EXERCISE BRIEF:
With pictures left out, output word for word the lines from the one containing "Then, just choose" through the end of the material below.

DATA FOR THIS TASK:
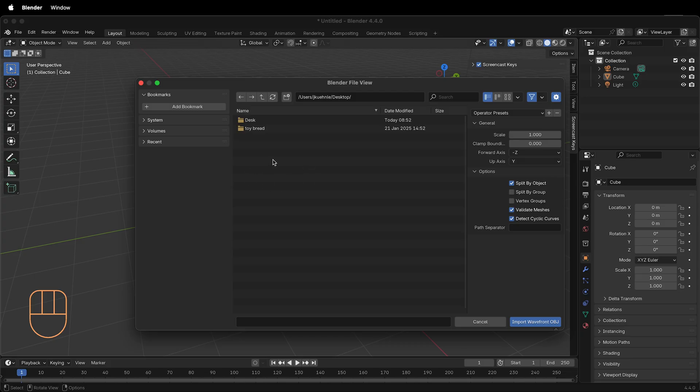Navigate to where you have your OBJ file stored. Often it will be in a folder with a texture file and a material file.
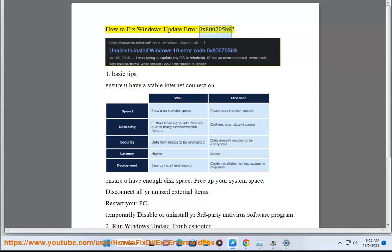How to fix Windows Update Error 0x800705B9. Basic Tips.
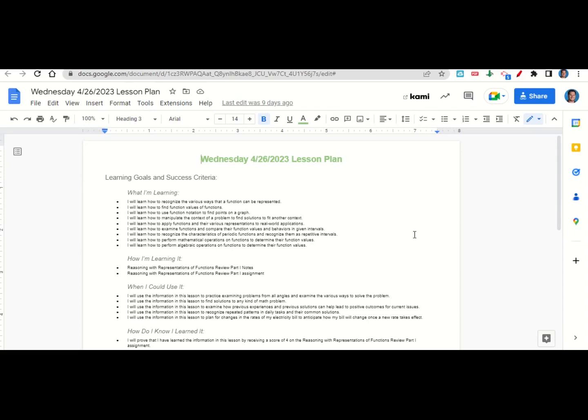What are we learning? We're learning how to recognize the various ways that a function can be represented, how to find function values of functions, how to use function notation to find points on a graph, how to manipulate the context of a problem to find solutions to fit another context, to apply functions and their various representations to real-world applications, to examine functions and compare their function values and behaviors in given intervals, to recognize the characteristics of periodic functions and recognize them as repeated intervals, to perform mathematical operations on functions to determine their function values, and to perform algebraic operations on functions to determine their function values.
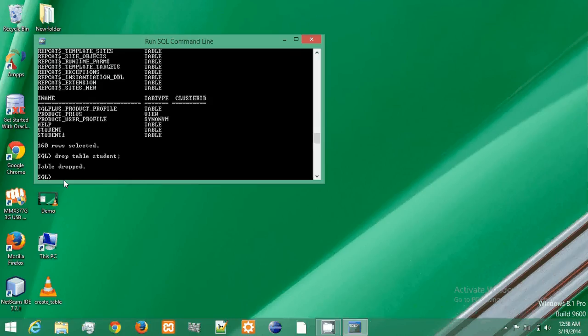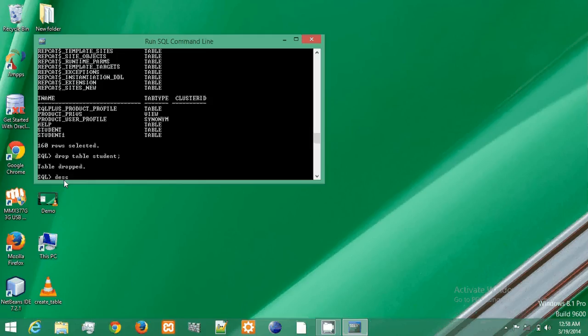Table dropped. Now I want to check whether the table is deleted or not. Type here this.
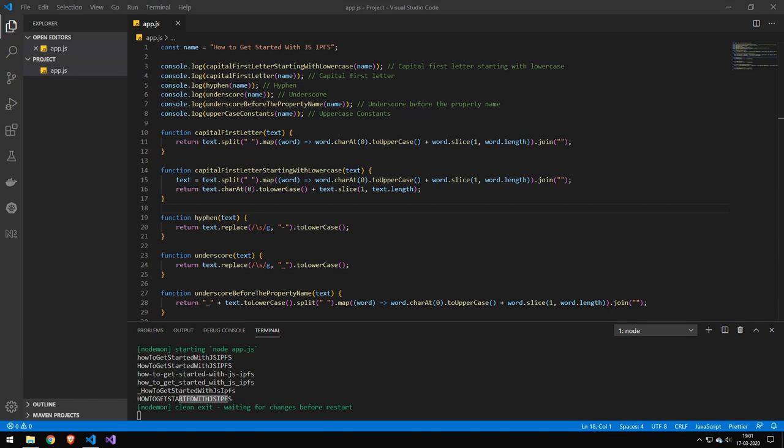In today's video, we're going to be converting a string to follow a certain naming convention. This might be useful if you're automatically generating something where you took the string from a user input and you want to convert that into a file name or some kind of class where it needs to follow a certain convention.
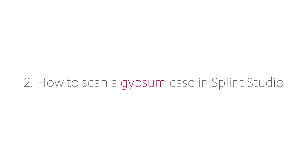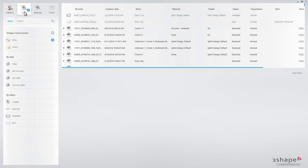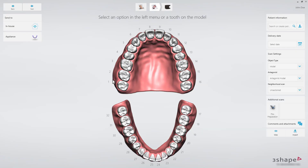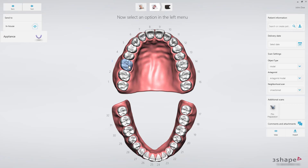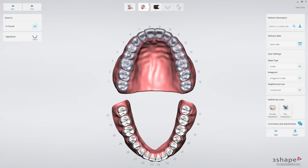Let's scan a gypsum case in Splint Studio. Double-click the icon to open the software and go to the Case Manager. Click New to create a new case. Select In-House. The order form will open. Select a tooth from the jaw that you'd like to make a splint for, and then click the appliance indication. Now you can search to associate the new case to an existing patient, or create a new one.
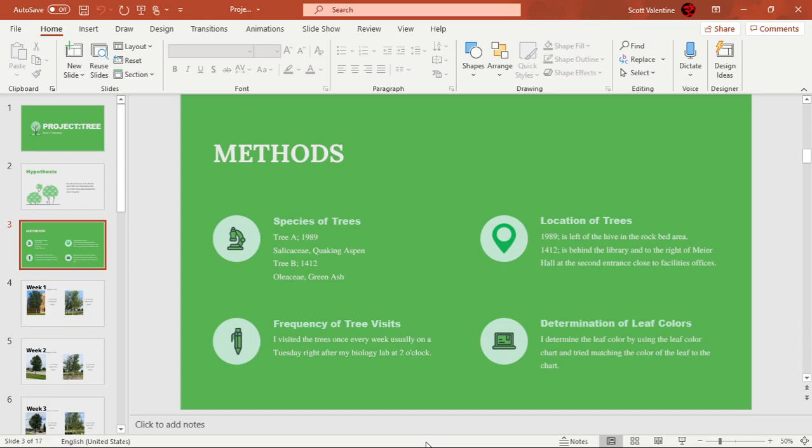The species: Tree A is a quaking aspen and Tree B is green ash, and their tags read 1989 and 1412. Location of the trees: 1989 is left of the Hive in the rock bed area, and 1412 is behind the library to the right of Meyer Hall at that side entrance close to the facilities office.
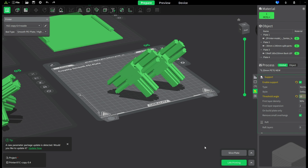Just open the slicer — in my case, as you can see, I'm using the Creality slicer. But I believe in all slicers this setting approximately works the same way.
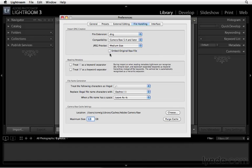If you're concerned about losing information, you can include the original raw file, although this will significantly increase your file size. I don't really recommend this, although some people find it helpful as a safety net so they're not losing any original information.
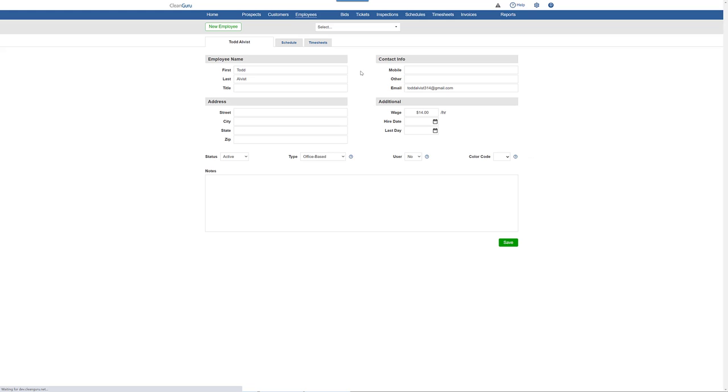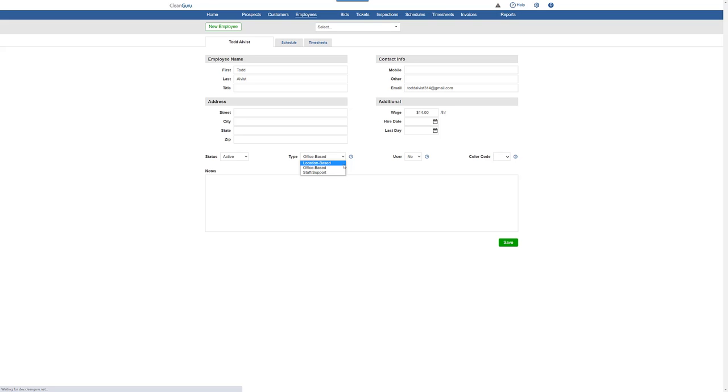Then, just choose an employee type, office-based if they first report to the office to start their shift, or location-based if they go to and from their home to clean. For user, select Yes, then Save.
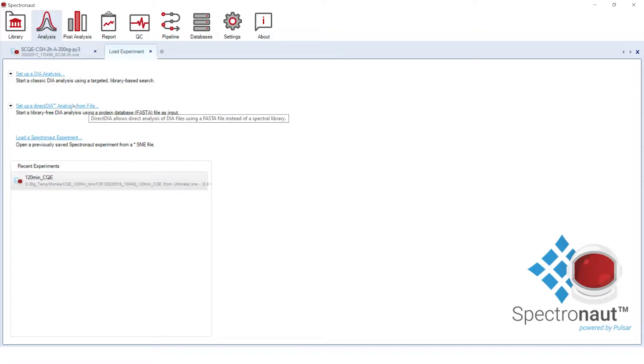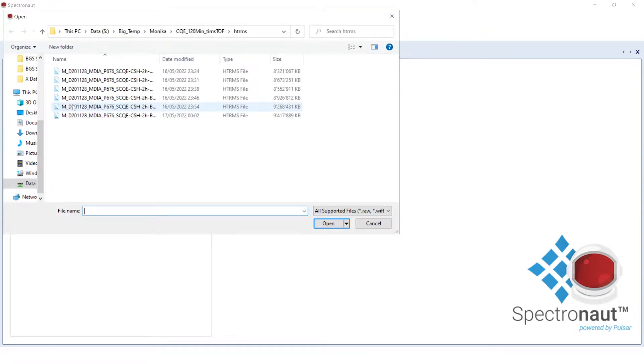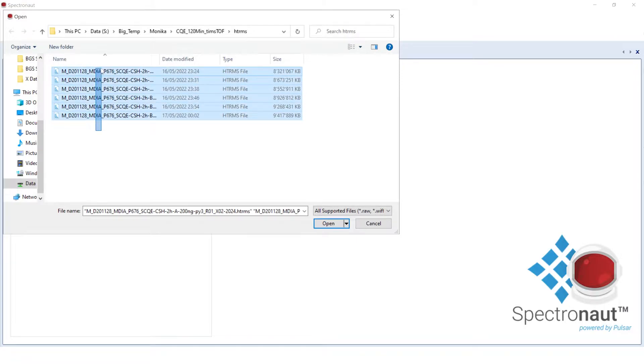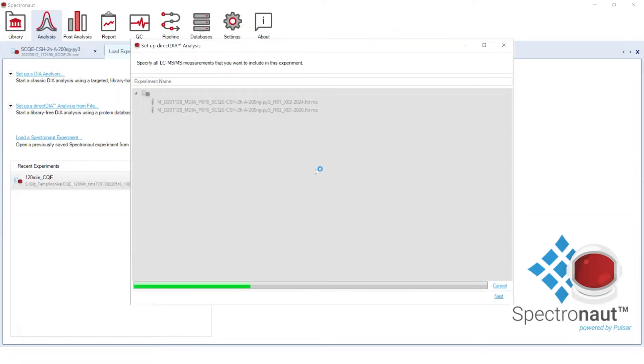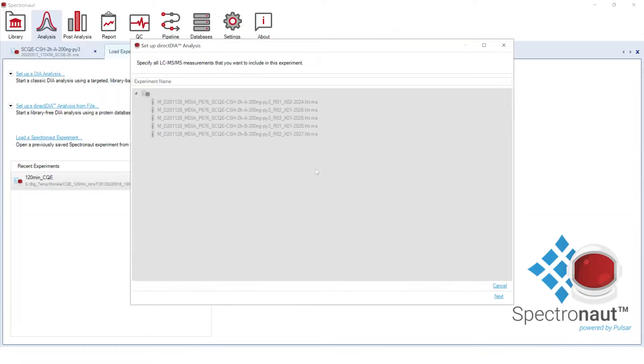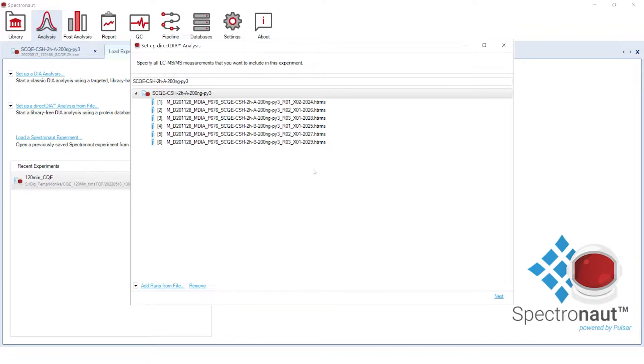To start a Direct DIA workflow, we will select raw MS runs. In this tutorial, we will analyze six DIA samples from four species: Human, E. coli, C. elegans and S. cerevisiae, which were mixed in different proportions in two different experimental conditions. A two-hour chromatographic gradient was applied prior to the acquisition of mass spectra.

ANSWER AREA:
Then, just choose an employee type, office-based if they first report to the office to start their shift, or location-based if they go to and from their home to clean. For user, select Yes, then Save.
To start a Direct DIA workflow, we will select raw MS runs. In this tutorial, we will analyze six DIA samples from four species: Human, E. coli, C. elegans and S. cerevisiae, which were mixed in different proportions in two different experimental conditions. A two-hour chromatographic gradient was applied prior to the acquisition of mass spectra.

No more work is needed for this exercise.